Blue-underlined words are your friend
Siri underlines words that it has trouble understanding in blue (see image above). Click on them to choose an alternate word – I won’t be surprised if this correction is used by Apple to refine an existing model, too.
S*** that Siri says – also valuable learning data
Each time a Siri conversation becomes a meme, and gets played out in countless iPhones 4S’ around the world, more Gold Set data gets created. In essence, Apple gets millions of voice samples, across countries all over the globe, saying the phrase ‘Siri, tell me a joke’. This data isn’t anonymous – it’s tied to the user who owns the phone, and thus serves to improve a potentially specific model, instead of it being a waste of Apple’s cloud resources.
In this remarkable sense, such interactions with Siri – calling people, and doing funny interactions with Siri, is a much better way of providing language training data to a voice recognition engine, instead of needing to recite a preordained passage from a book, as was the norm with early voice recognition software.
My voice data, and trusting Apple
An ex-Siri engineer remarked recently that Apple had the trust needed to build a compelling product (not just technology) like Siri:
For Siri to be really effective, it has to learn a great deal about the user.

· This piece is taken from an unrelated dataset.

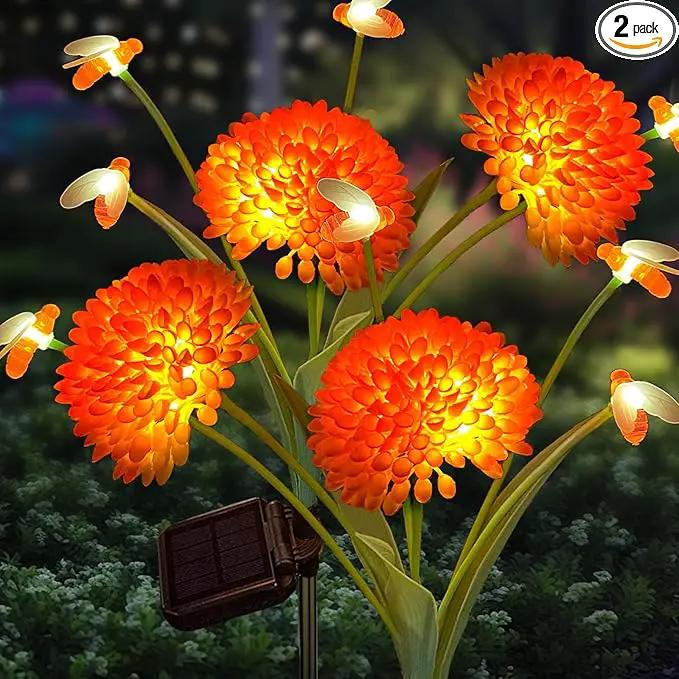 Solar Swaying Bee Lights with Flowers, Waterproof Firefly Lights for Outdoor Garden Patio Yard Pathway Decoration, Gifts for Women Mother's Day by GreenHaven Gardens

If it knows where you work, where you live and what kind of places you like to go, it can really start to tailor itself as it becomes an expert on you individually. This requires a great deal of trust in the institution collecting this data. Siri didn’t have this, but Apple has earned their street cred.
I have no doubt Apple is building advanced personal or clique language models using the data they’re getting from Siri usage, and I can’t wait for Siri to start understanding my supposedly hard to understand accent well!